Doc is an old friend of one of my old friends, and we’re connected on Facebook. In a post last week, Doc told the story about one of his first employers, and I immediately knew that his boss operated with Uncommon Sense. I asked Doc for some more details so I could round out the story.
Bob Robbins, Doc said, was his first professional mentor after working as a field tech in electronics. “He gave me a chance when I had little to offer beyond enthusiasm and youthful confidence,” Doc says, “and literally zero marketing experience, at that point.” The job at the company he asked for, and got: marketing! Of course!
Bob was an electrical engineer, and had started the company. They made Critical Power Support Systems — large battery-based power backups for, as the name would suggest, critical projects. Bob had good timing for such a business: it was just as big data centers were being built, and they needed the systems; we’re talking the mainframe era. One of their first big clients was American Express. Bob’s company was based in Austin, Texas, and Doc moved there from Dallas.
After he settled in, Doc was asked to give a lecture at the National Computer Conference in Chicago.

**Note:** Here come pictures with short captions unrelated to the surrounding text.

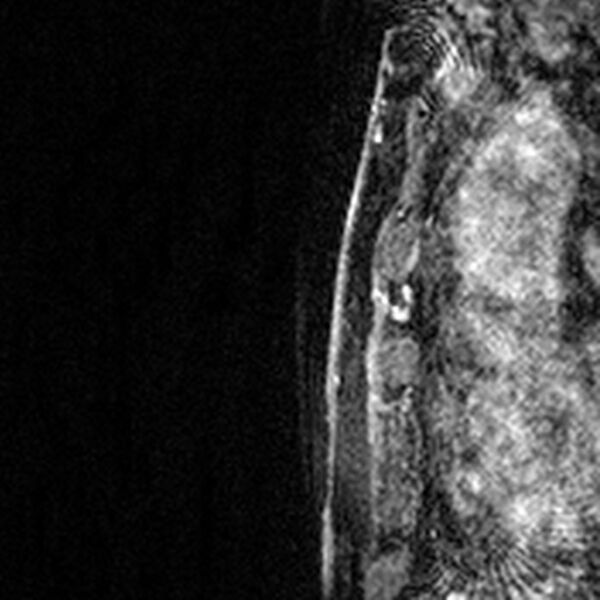 File:Breast implants - MRI (Radiopaedia 26864-27035 Sagittal T2 70).jpg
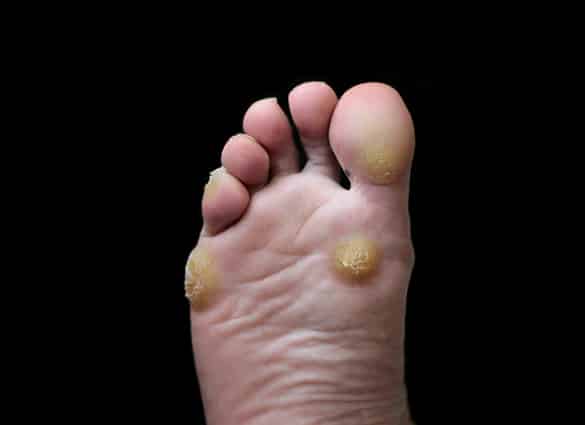 Corns and Callus | Foot Health Clinic 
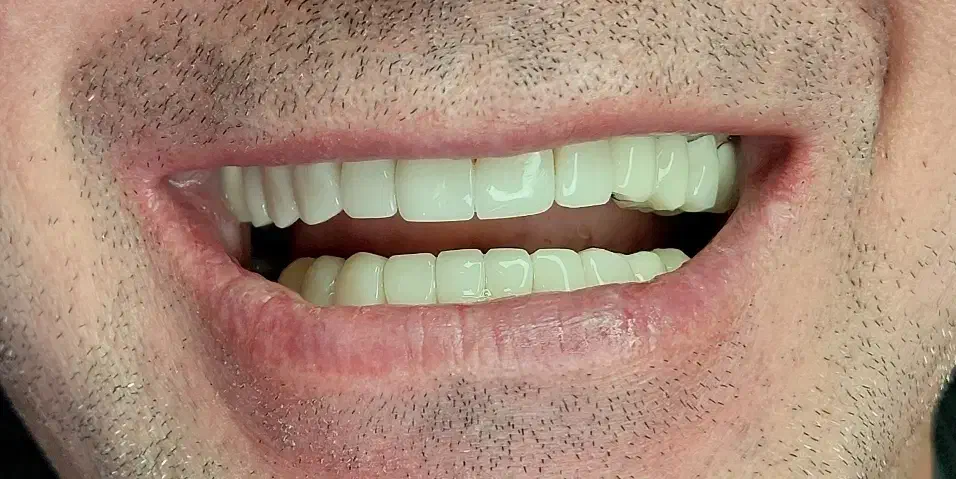 کامپوزیت زیبایی|خدمات آرایشگری و زیبایی|اسلامشهر, شهرک قائمیه|دیوار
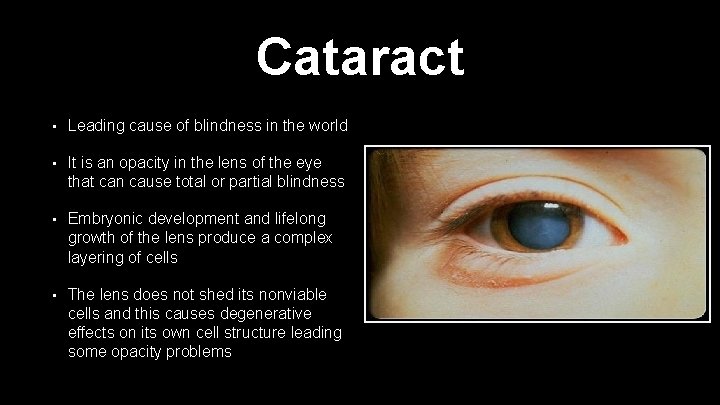 Cataract • Leading cause of blindness in the world • It is an opacity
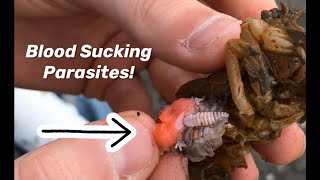 Removing Huge Blood Sucking Parasites part 4 NEW Episode!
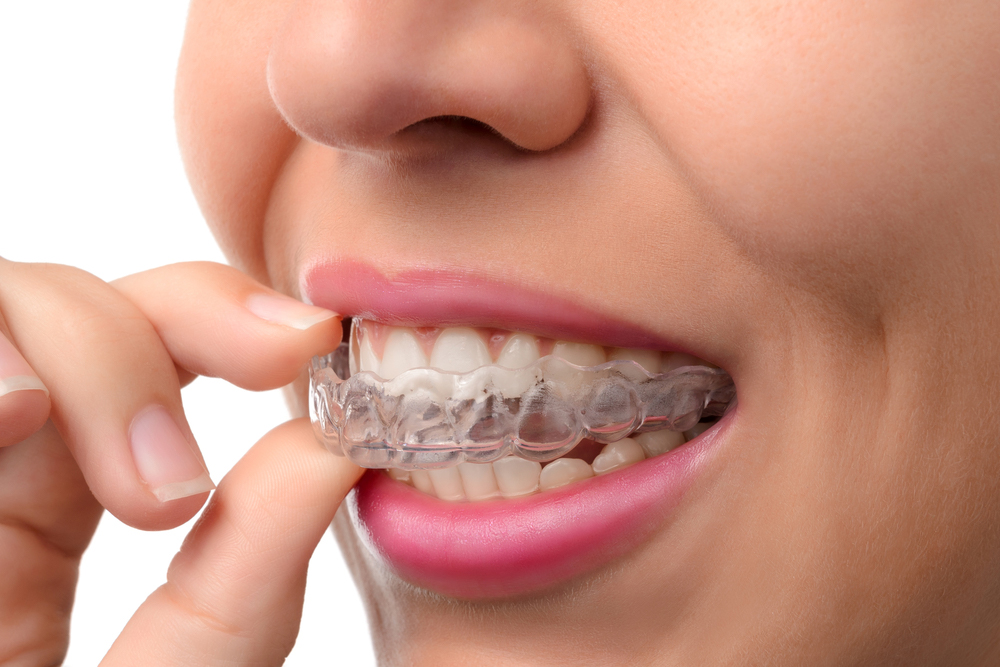 6 Easy Steps to Keep Your Invisalign Clear Aligners Clean and Fresh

Bob went along to watch. “My presentation went well, with plenty of lively discussion in the Q&A afterward,” Doc said in his post. “I was asked by a couple of representatives of large international concerns to reach out to them to discuss our product further, so I was quite pleased with myself.”
“Bob’s first comment to me when we finally had some privacy was something along the lines of, ‘I’m going to get you some public speaking training.’” Doc found that “Deflating, to say the least.” He said that the trip had paid off, costing the company about $20,000, but one of the attendees awarded the company a $2 million contract.